- [What needs to be done]:
Only the lines below from the one containing "32026 Annice Ln — Photo 17" to the one containing "Vintage tiered white maxi skirt" should be repeated, both included and unchanged.
Supplied data START
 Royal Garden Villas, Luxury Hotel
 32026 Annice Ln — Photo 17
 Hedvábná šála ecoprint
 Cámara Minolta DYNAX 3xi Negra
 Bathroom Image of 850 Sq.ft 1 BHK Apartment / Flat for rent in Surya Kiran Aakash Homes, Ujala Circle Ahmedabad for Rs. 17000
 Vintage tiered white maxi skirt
Supplied data END
Supplied data START
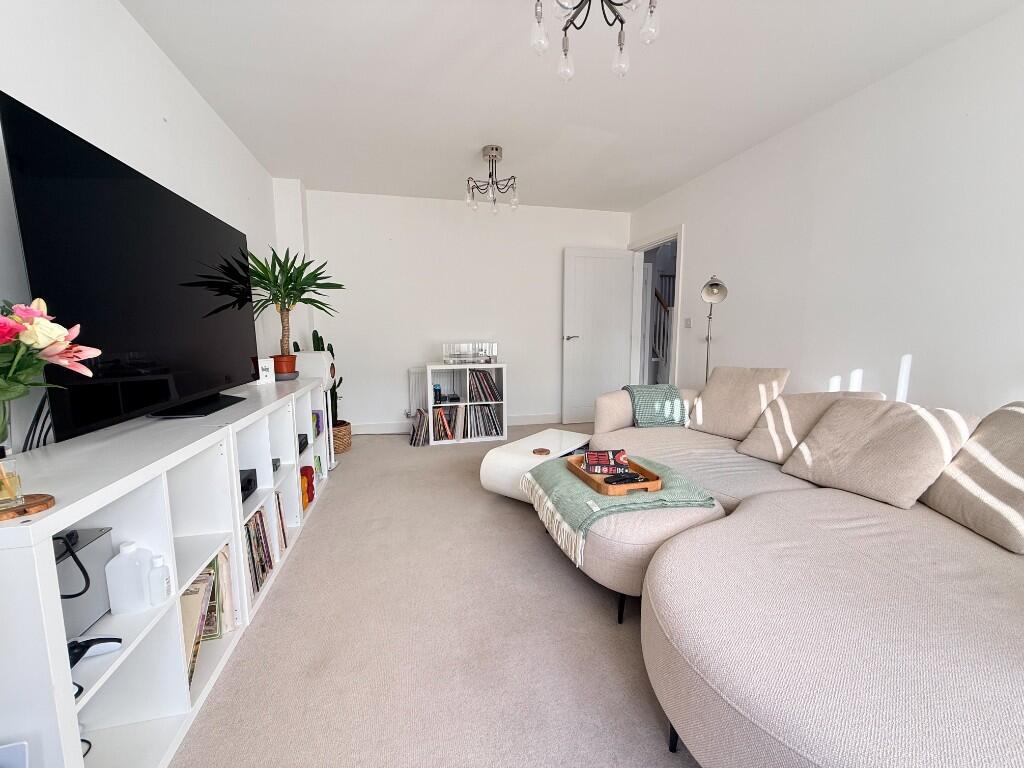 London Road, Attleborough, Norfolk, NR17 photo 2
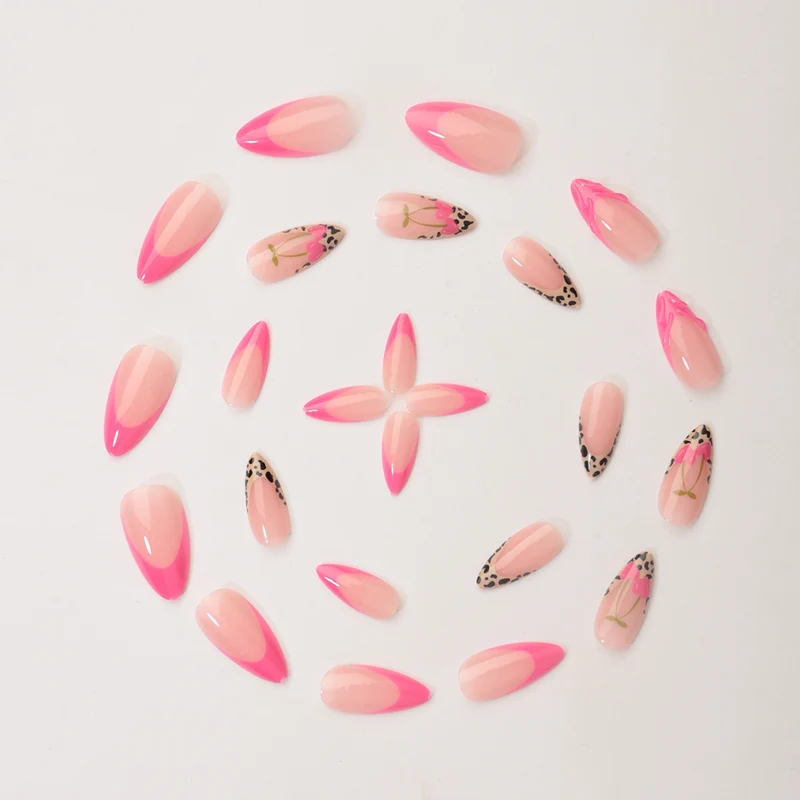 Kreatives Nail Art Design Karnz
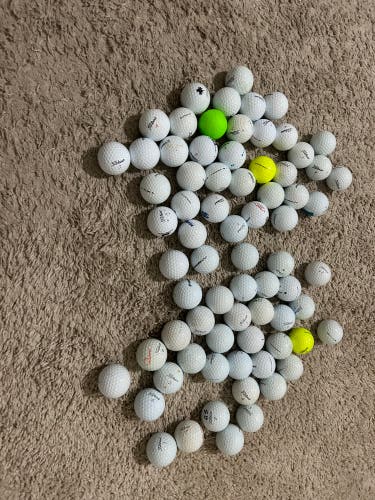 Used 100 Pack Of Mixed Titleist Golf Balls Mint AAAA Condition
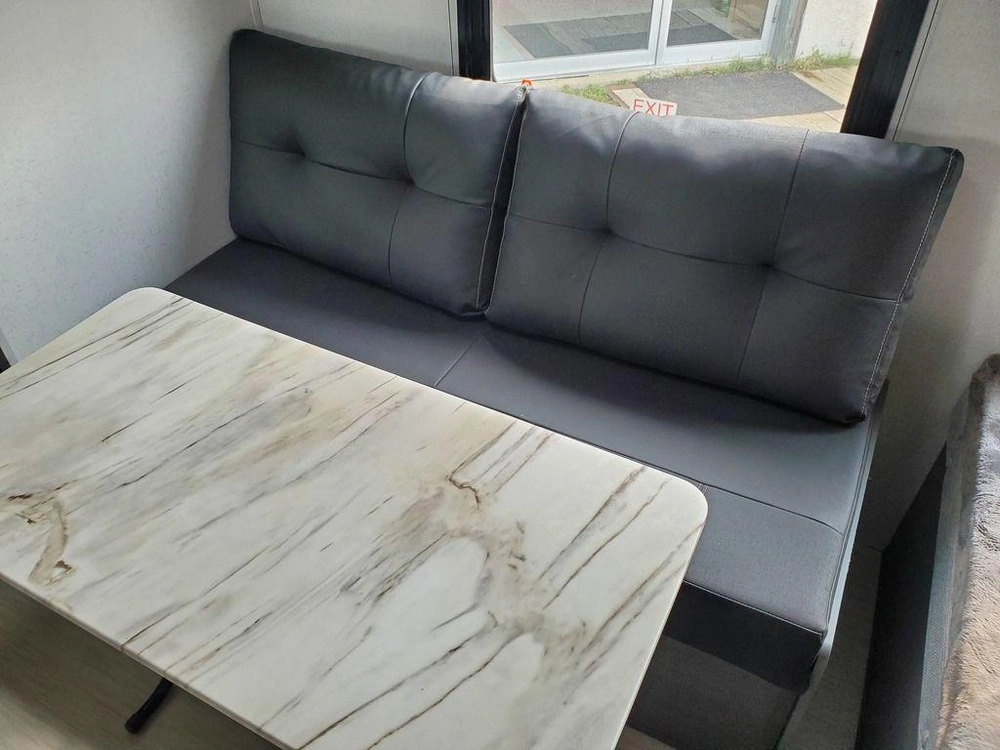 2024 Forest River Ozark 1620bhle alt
Supplied data END
- [Written response]:
 32026 Annice Ln — Photo 17
 Hedvábná šála ecoprint
 Cámara Minolta DYNAX 3xi Negra
 Bathroom Image of 850 Sq.ft 1 BHK Apartment / Flat for rent in Surya Kiran Aakash Homes, Ujala Circle Ahmedabad for Rs. 17000
 Vintage tiered white maxi skirt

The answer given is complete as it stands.